Scraped caption text data:
----------------------------------------

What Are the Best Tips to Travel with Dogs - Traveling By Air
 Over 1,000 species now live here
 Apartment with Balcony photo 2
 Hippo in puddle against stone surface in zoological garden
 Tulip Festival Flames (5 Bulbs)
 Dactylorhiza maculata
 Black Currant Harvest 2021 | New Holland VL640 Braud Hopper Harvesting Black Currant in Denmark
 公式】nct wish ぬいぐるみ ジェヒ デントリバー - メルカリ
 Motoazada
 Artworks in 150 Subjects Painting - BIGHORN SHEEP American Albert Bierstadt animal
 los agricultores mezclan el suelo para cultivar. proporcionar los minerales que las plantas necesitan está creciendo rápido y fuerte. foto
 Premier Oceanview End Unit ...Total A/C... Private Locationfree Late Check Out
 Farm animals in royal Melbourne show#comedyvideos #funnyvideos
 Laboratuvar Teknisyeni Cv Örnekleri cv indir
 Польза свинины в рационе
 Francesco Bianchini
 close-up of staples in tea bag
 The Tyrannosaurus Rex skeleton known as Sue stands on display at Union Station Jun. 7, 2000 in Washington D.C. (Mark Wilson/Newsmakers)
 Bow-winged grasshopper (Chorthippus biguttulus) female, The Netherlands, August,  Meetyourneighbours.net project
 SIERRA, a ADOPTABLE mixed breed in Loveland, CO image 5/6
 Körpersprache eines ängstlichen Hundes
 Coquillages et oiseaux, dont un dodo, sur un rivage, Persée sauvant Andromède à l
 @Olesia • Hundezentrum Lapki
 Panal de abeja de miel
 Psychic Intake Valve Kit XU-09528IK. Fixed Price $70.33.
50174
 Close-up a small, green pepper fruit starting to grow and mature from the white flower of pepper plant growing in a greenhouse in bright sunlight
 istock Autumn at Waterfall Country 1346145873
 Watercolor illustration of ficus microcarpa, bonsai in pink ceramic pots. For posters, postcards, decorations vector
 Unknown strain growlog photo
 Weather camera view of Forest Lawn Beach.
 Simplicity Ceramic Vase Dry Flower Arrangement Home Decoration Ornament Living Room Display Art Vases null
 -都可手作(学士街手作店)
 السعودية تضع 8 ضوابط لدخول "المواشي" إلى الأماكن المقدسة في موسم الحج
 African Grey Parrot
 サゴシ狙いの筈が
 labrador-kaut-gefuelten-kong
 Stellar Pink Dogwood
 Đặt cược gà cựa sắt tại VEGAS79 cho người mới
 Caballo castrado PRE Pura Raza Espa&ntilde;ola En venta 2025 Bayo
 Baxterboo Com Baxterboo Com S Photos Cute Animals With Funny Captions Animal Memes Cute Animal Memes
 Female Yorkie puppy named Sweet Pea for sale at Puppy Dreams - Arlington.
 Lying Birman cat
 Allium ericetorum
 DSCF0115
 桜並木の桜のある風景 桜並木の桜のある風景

----------------------------------------

§ **Your instructions**:
Reproduce only the lines above spanning from the line containing "Coquillages et oiseaux, dont" through the line containing "istock Autumn at", word for word.

§ **Completed task**:
 Coquillages et oiseaux, dont un dodo, sur un rivage, Persée sauvant Andromède à l
 @Olesia • Hundezentrum Lapki
 Panal de abeja de miel
 Psychic Intake Valve Kit XU-09528IK. Fixed Price $70.33.
50174
 Close-up a small, green pepper fruit starting to grow and mature from the white flower of pepper plant growing in a greenhouse in bright sunlight
 istock Autumn at Waterfall Country 1346145873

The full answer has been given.